Meeting the area's landfill needs
- Shelby Case
- Central Oregonian - News
Crook County receives $20,000 from DEQ to update its solid wast management plan
The Oregon Department of Environmental Quality has awarded a $20,000 solid waste grant to Crook County so that the county can hire a consultant for updating its solid waste management plan.
"The current plan, which was written in 1995, needs revamping to recognize impacts of the county's continuing population growth and changes in solid waste management opportunities," said Shari Harris-Dunning, who is with the Bend office of the department's solid waste program.
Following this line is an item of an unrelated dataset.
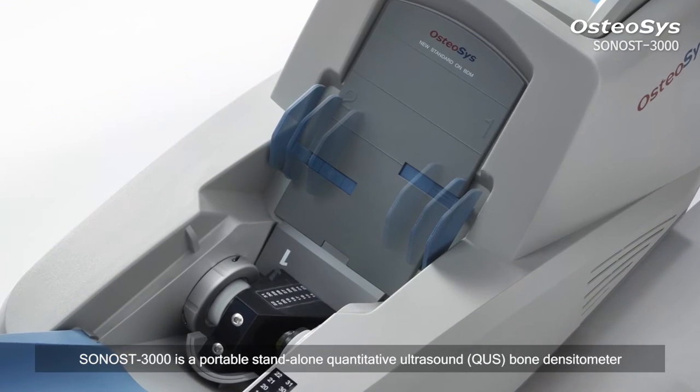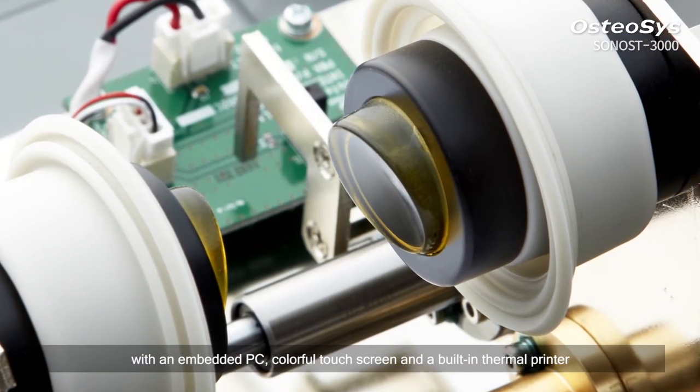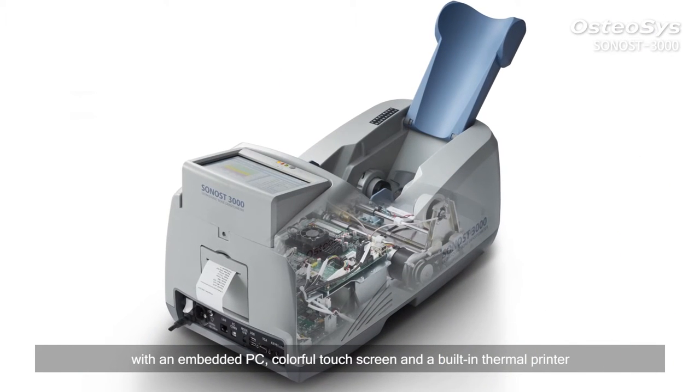Sonos 3000 is a portable, stand-alone, quantitative ultrasound bone densitometer with an embedded PC, colorful touchscreen, and a built-in thermal printer.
Because of residential and industrial growth throughout the county in the past 10 years, Crook County faces increased waste and challenges in how to handle them.
"It just saves the county some money is all," said Crook County Landfill Manager Alan Keller. "It's a mandatory thing that we have to do, so rather than the county having to pay for it, DEQ's going to have to pay for it."
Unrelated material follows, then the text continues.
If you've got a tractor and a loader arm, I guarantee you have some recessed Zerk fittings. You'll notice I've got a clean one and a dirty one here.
Harris-Dunning said that in recent years, the county has approved three destination resorts with a fourth one waiting for approval.
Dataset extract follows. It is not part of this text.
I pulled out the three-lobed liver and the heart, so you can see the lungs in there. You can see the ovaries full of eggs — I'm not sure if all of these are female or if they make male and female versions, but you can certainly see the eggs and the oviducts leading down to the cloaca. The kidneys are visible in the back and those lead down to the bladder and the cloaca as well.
"Two new housing subdivisions have been developed within the county and the City of Prineville has approved a new, 2,900-lot subdivision on the city's east side," she said. "In addition, two new industrial parks are being developed in Prineville and near the airport."
She added that the existing plan was designed to accommodate the county's waste management needs through 2005.
"The county will hire a consultant to assist it in updating the plan," Harris-Dunning said. "The consultant will work with the county's Solid Waste Advisory Committee and Recycle Committee, along with other interested partners representing the county's waste generation and disposal needs."
When completed, the plan will be presented to the Crook County government for approval.
"Crook County is matching the DEQ grant with $9,270 to fund the plan update," she noted.
The grant is among 13 awarded this year by DEQ to help communities
promote solid waste prevention and reduction measures and conduct household hazardous waste programs.
In all, DEQ is awarding $370,402 in grants in 2008.
"In most cases, grant recipients and/or their partners contribute some type of matching money, staff time or services," she continued. "The solid waste grants program, established by the Oregon Legislature, is funded through fees on solid waste disposal throughout the state."